A Tax Cut a Week in the House
by Guest Blogger, 5/14/2004
In spite of the "PayGo" logjam over whether or not tax cuts ought to be offset, which continues to prevent passage of a budget resolution, the House persists with its "a tax cut a week" schedule.
In recent weeks, the House has passed tax cuts at a cost of over $500 billion over the next ten years - none of which is offset. They include:
- H.R. 4181 to make permanent expanded tax breaks for married couples.
- H.R. 4227 for a one-year adjustment of the Alternative Minimum Tax.
- H.R. 4275 (AMT) to make permanent the expanded 10 percent tax bracket.

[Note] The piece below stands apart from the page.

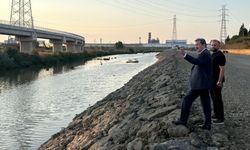 Samsun Valisi Orhan Tavlı'dan Yeni OSB'ye yakın takip!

This week, the House is scheduled to consider H.R. 4359, which would make the $1,000-per-child tax credit permanent.
These tax cuts were originally part of the first Bush tax cut (The Economic Growth and Tax Relief Reconcilation Act passed in 2001 at a 10-year cost of $1.3 to $1.6 trillion) and are scheduled to "sunset," or return to previous law, in 2005. All of the 2001 tax cuts were passed with complicated phase-in and sunset provisions through 2010. Permanent extension of all of the 2001 tax cuts — including those, such as the estate tax repeal, that benefit only the wealthiest — is high on the President's priorities. "Fixing" the AMT, which has not risen with inflation and threatens middle-class taxpayers with higher taxes, is also a high, but costly, priority. For more on the AMT, see an OMB Watch analysis.
While there is broad support for these three "middle-class" tax breaks, and for fixing the AMT, there is concern over the pricetag. However, efforts in the House to offset the costs, or make permanency contingent on balancing the budget, have failed.
What is rarely part of the discussion is the reality that the small monetary benefits to individual taxpayers will be offset by reductions in the services that we all depend upon. The money to pay for the tax breaks has to come from somewhere.
Even beyond the costs of the tax cuts — radically decreasing federal revenue even while the costs of the Iraqi conflict grow - the federal tax code is increasingly skewed in favor of investors over workers. An analysis by the Institute on Taxation and Economic Policy, released by Citizens for Tax Justice, shows that personal taxes on earnings are now two and one-half times greater than taxes on investment income. Another analysis by William Gale and Peter Orszag, published in The American Prospect, also presents evidence that "tax cuts enacted during George W. Bush's presidency shift the burden of taxation away from upper-income, capital-owning households and toward the wage-earning households of the lower and middle classes."